→ **Task to carry out**: Each line of the material is to be written out exactly.

→ **Recorded information**:
******************************
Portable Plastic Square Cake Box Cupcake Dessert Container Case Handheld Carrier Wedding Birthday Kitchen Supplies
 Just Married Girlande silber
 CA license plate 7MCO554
******************************
→ **Exercise response**:
Portable Plastic Square Cake Box Cupcake Dessert Container Case Handheld Carrier Wedding Birthday Kitchen Supplies
 Just Married Girlande silber
 CA license plate 7MCO554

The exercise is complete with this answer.